Me & my 5 year old daughter, Anneka Lucia
My aunt has been over all weekend, which is cool, because that gives me and Bry time to go out and do things without the kids, as we're trying to remember what it's like to just be married, and not just be "mommy and daddy". So we go out and run around the suburbs, not too far away, and I'm always a little paranoid, thinking about the kids. So we get back, and my aunt tells me that Mia had woken up crying for a minute or two, then went back to sleep, and that Ani had a nightmare and she had to calm her down. Yes, I felt guilty. I felt, for a moment, that I should have been there to calm her down. Usually, if I hear her mumbling in her sleep and sounding distressed, I go in her room and kiss her forehead and her cheek and whisper "It's okay" and "I love you", and usually, it works. It's almost like perhaps I work my way into the scary dream and it un-scaries it. I hope that's what happens. Tonight, I felt like I should have been here to kiss her and get rid of the nightmare. Yes, I'm crazy paranoid like that. And do you see why I never do anything??! LOL
Anyway, the kids are fine, they were well taken care of, Auntie Martha handled the situation fine, she didn't need to call me, and keep in mind, she's been dealing with kids much longer than I have. Yes, I'm sure Ani would have preferred to have me here to comfort her, but she was fine and I have to just look at it like that.

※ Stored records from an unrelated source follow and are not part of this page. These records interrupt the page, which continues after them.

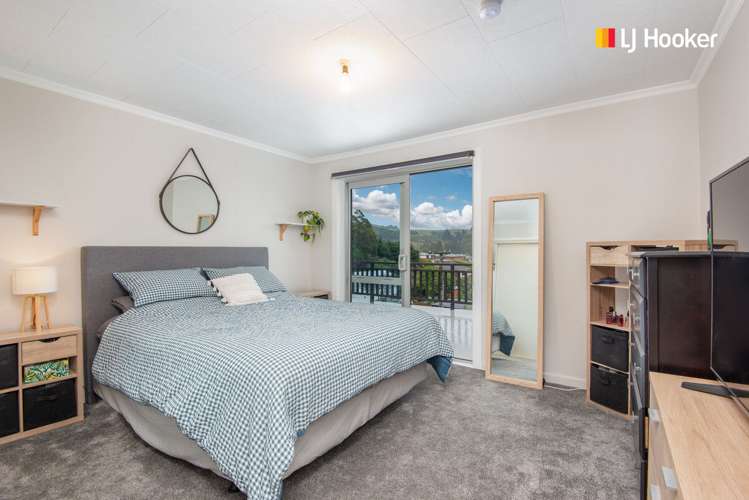 88 Roy Crescent Concord_7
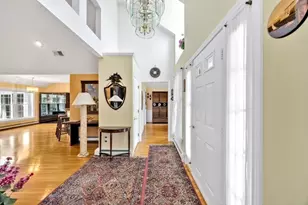 73 Snead Dr, Mashpee, MA 02649 - Photo 7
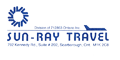 Sun-Ray Travel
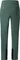 Vaude Tekoa Biobased Hose lang dusty forest (Herren) Vorschaubild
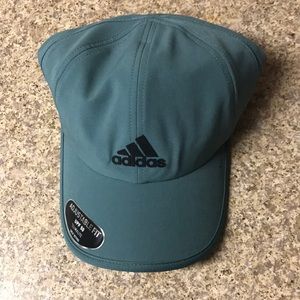 Brand new adidas women’s hat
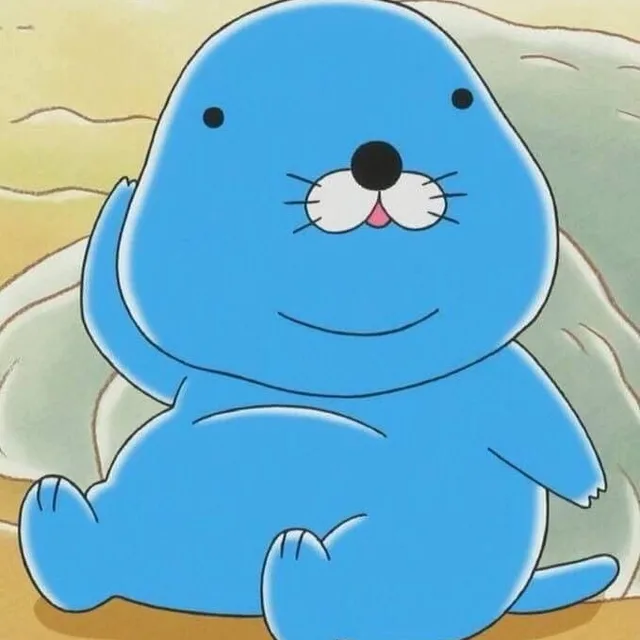 모루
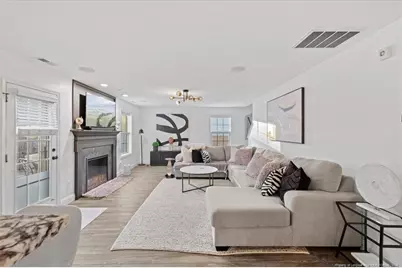 681 New Castle Lane, Spring Lake, NC 28390 - Photo 18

I'm getting out of my head, though. I'm working on it. You know, I never thought I would have kids. My brother's kids made me nervous. Perhaps it was because he came over with 4-5 of them at a time and I was a teenager, or maybe because I was always told I was a fuck-up and a dropout and I could never have the patience for kids. Now, I'm that mom who's like "There's too many kids at the playground, I don't want the girls to get knocked down by the bigger kids" or "that's not 100% juice!" I sing along to the Wiggles...I love Pocoyo just as much as they do...and no, it's not weird to be that invested in your kids...I just hope that my fears and paranoia don't end up affecting them. I want them to be able to go out into the world and try new things and if they aren't successful at everything I try, I don't want them to be afraid to try again. And I will never call them failures or screw-ups or God forbid, fuck-ups. I'll be here with open arms, and convince them to try again.
Okay, enough of this snizz. I'm going back to whooping on Bry in "Words with Friends". He is yet to beat me. Perhaps I should let him win to help his self-esteem....nahhhhhhhh!